Si nos quedamos con la primera
idea, Noaj era un egoísta. En cambio, si nos adentramos en la historia vemos
que no fue tan así.
¿Cuántas veces somos
influenciados por nuestra primera impresión de las cosas? Tenemos el dicho que
dice “la primera impresión es lo que cuenta” pero para este caso sabemos que no
es así.
¿No te pasó muchas veces que
prejuzgaste a una persona sin saber cuál era el trasfondo de lo que le estaba
ocurriendo? Noaj, caminaba con D´s. Excelente. Para su época era un tzadik. Pero
nos queda, a priori, el sabor amargo de que podría haber hecho más. Sólo
después de una segunda impresión comprendemos la clase de persona que era.

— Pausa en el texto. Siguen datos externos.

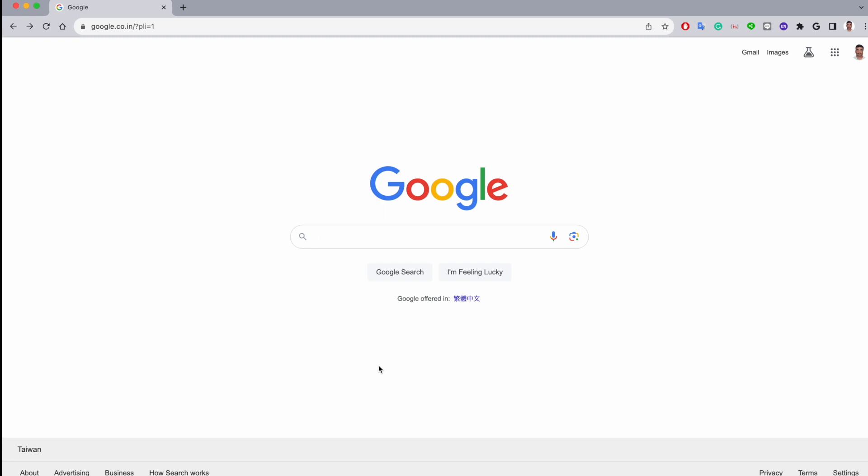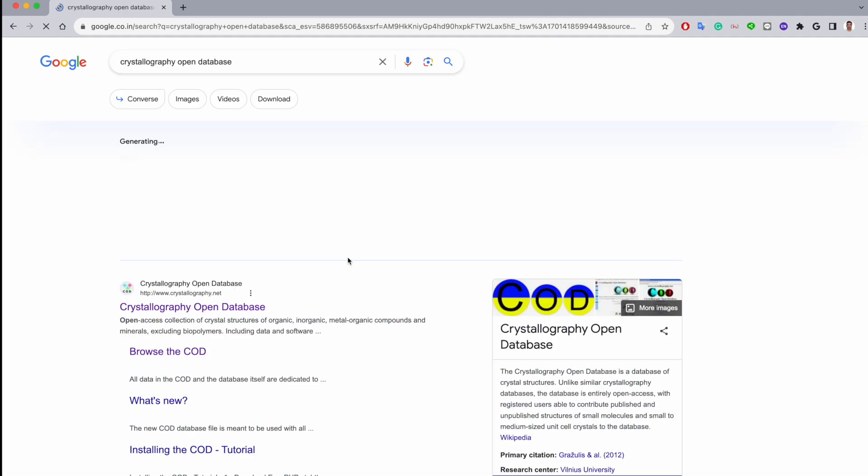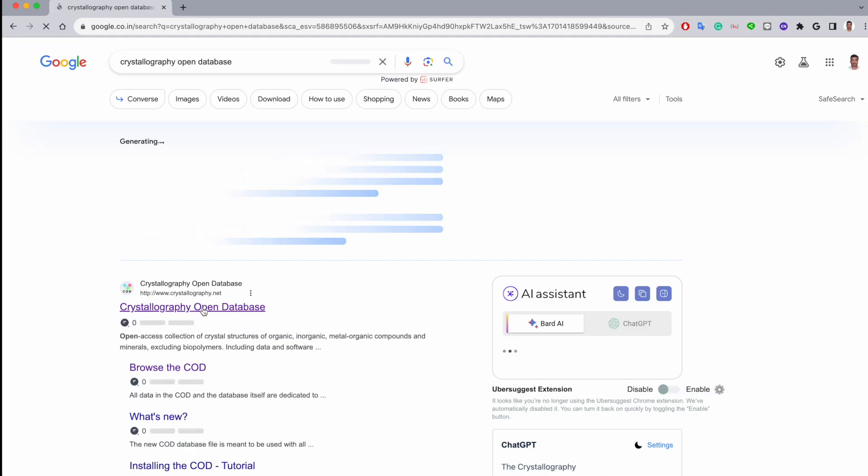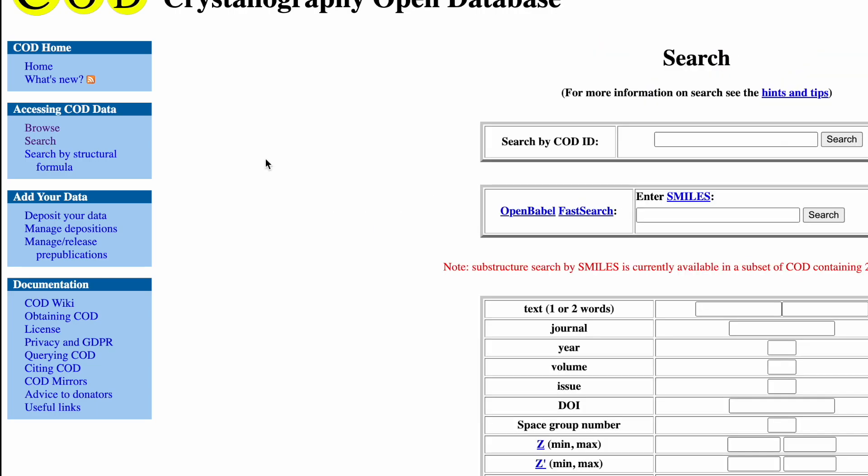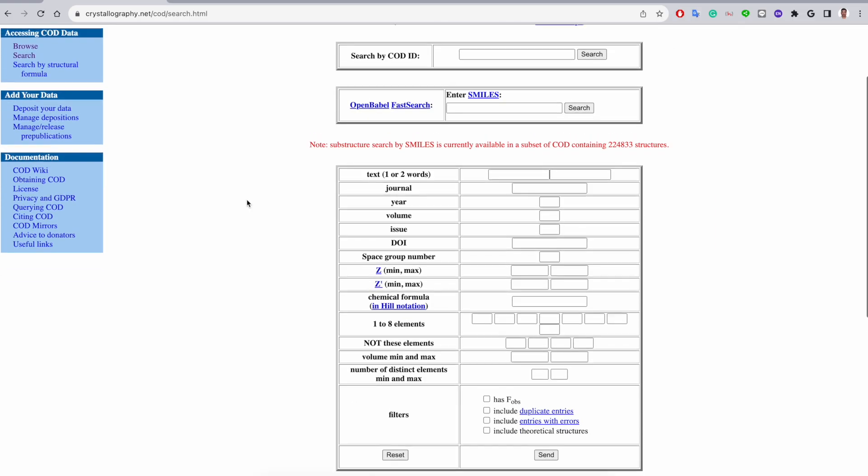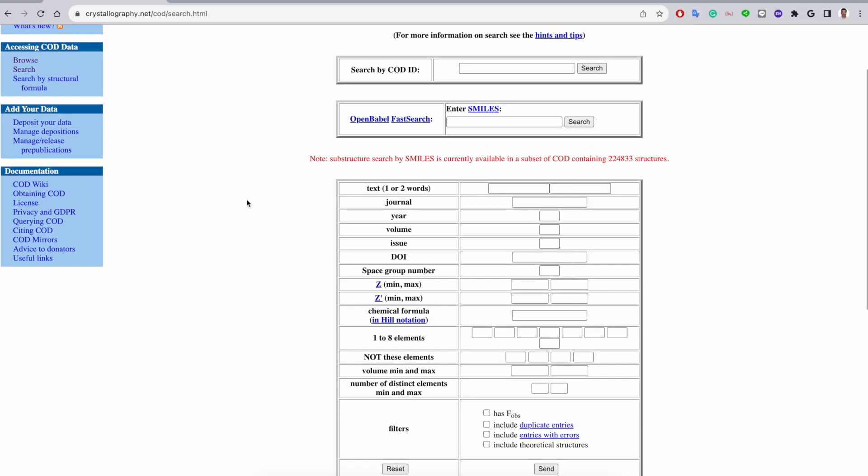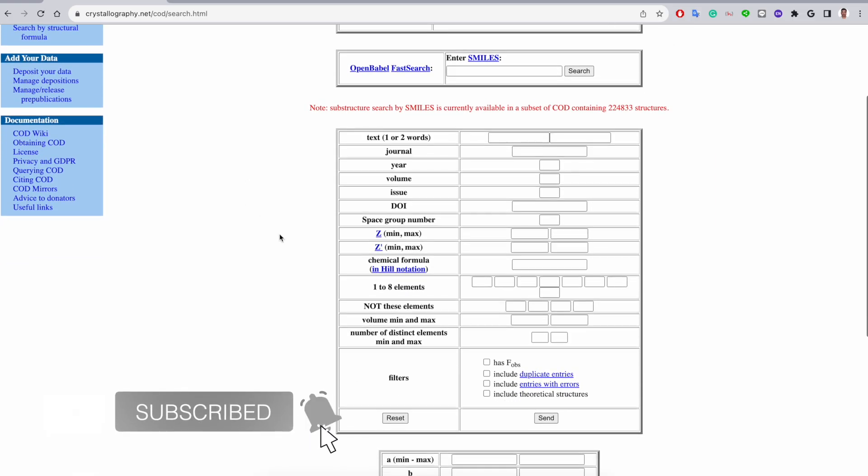In this video I will show you how to download CIF files. Go to the browser and type 'Crystallography Open Database', then click on this website. On the left-hand side you will find options for the search. Click over here and this page gives you different ways through which we can search for CIF files. I will show you one of the ways.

Y por si esto fuera poco, siempre
se lo compara a Noaj con Abraham. Abraham que se le planta a D´s antes de las
destrucciones de Sodoma y Gomorra.
Este tipo de comparaciones me recuerda
a una que hay en la actualidad: ¿quién es mejor: Maradona o Messi? La necesidad
de comparar a una persona con la otra hace que se quite de foco compararla con
algo que merezca ser comparado. ¿Noaj era buena persona o mala? Lo comparamos
con la bondad y maldad. ¿Noaj era mejor o peor que Abraham? Ahí entran en juego
elementos subjetivos que podrían determinar la respuesta. Así como Maradona fue
el mejor jugador de una época, Messi lo es de otra. Noaj fue una persona
elegida por D´s en una época y en otra eligió a Abraham. No pensemos en demasía
porque perdemos el eje en disfrutar lo que se nos presenta.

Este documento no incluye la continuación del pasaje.